Moving on we come to Oliver Cromwell and his utter suppression of all things 'Papist',
and then through the Glorious Revolution and the Act of Settlement which ensured a
Protestant succession and placed restrictions on Roman Catholics and others, some of which
are still in force today. England was, by virtue of its monarchy, its law and its
Established Church, a Protestant country.
So the number of holy days decreased. By the end of Queen Victoria's reign Sunday
observance was also in serious decline. New industries meant that people had to work on
Sundays. Then holy days were superseded by things like Bank Holidays, as materialism
encroached, until we now have a situation of empty churches and overcrowded shopping malls
on the day the Lord gave us. Indeed since people like Thomas Cook invented the idea of
visiting other places and staying for a few days, as a means of getting away from it all
and recharging the batteries, very few people think of holidays as holy at all.
This has been a very quick flip through the history books with which, I fear,
historians among you will find fault, but the fact is that these days in the West
religious observance is, for many, confined to Christmas and Easter. Even then the
commercial aspect of Christmas is gradually strangling the true message out of it and
Easter has become a festival of chicks and chocolate. Whit represents the coming of the
Holy Spirit and the Whit holiday used to be the day following Whit Sunday when,
particularly in the north of England, Whit Walks were held as processions of witness. But
when the May bank holidays were last juggled around we adopted the last Monday of May as a
holiday, irrespective of whether it coincides with Whitsuntide or not.

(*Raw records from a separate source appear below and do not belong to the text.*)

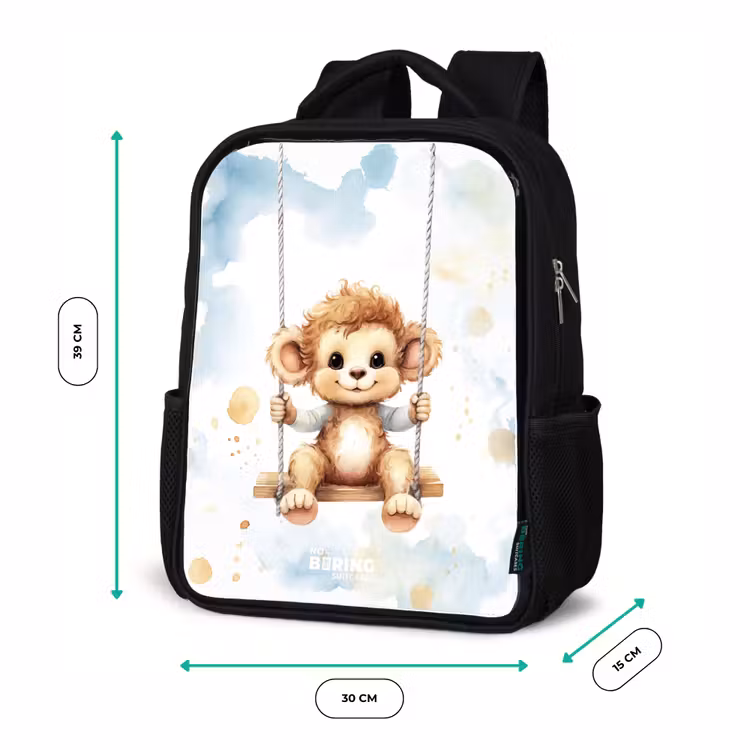 Sac à dos enfant - Noir - Singe à bascule à l'aquarelle — 8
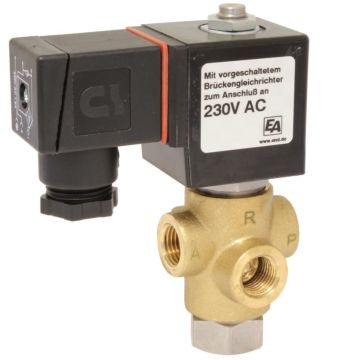 3/2-solenoid valve, G1 / 4 ", DN4, 24VDC, brass / FKM, 0-9bar, direct acting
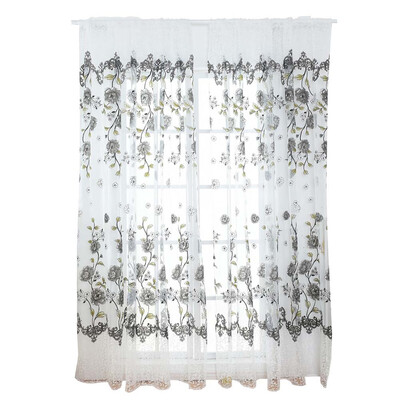 

Offset Large Peony Flower Printed Curtain Screen Multicolor Lace Fabric Curtain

The Orthodox approach, as with everything else, is based on Tradition. We don't
commercialise Easter out of existence because it is too important to us. Without the
Resurrection there is nothing. Christmas also has a sacred and solemn meaning above
everything else. We commemorate on every day of the year the feast of one or more Saints,
ancient or modern and even Old Testament prophets who bore witness of the great things to
come. In the case of an Apostle, the Gospel reading appointed is John 21:15-25 in which
Jesus charges Peter to 'Feed My sheep'. There may also be a reading from the Acts of the
Apostles or one of the Epistles in which the Saint of the day is referred to.
We all take holidays - in the form of a week or fortnight in foreign parts, a day trip
to a local beauty spot or even just a day off work to do the garden. This sort of thing is
important to our overall wellbeing but it should not be confused with the holiness aspect.
On the feasts of major saints there may well be services to attend in Church. Even for the
minor ones - from the earliest Christian converts to the men and women who died defending
the faith in Stalinist Russia - it is still possible to spend five minutes thinking about
their lives, their faith and the courage many of them showed for it. This sort of activity
is surely an important part of our spiritual development.
As Thomas Carlyle said 'One cannot better profit oneself than by five minutes spent in
the company of a great man', so our Christian lives can be enhanced by a contemplation of
holy and righteous men an women who have preceded us.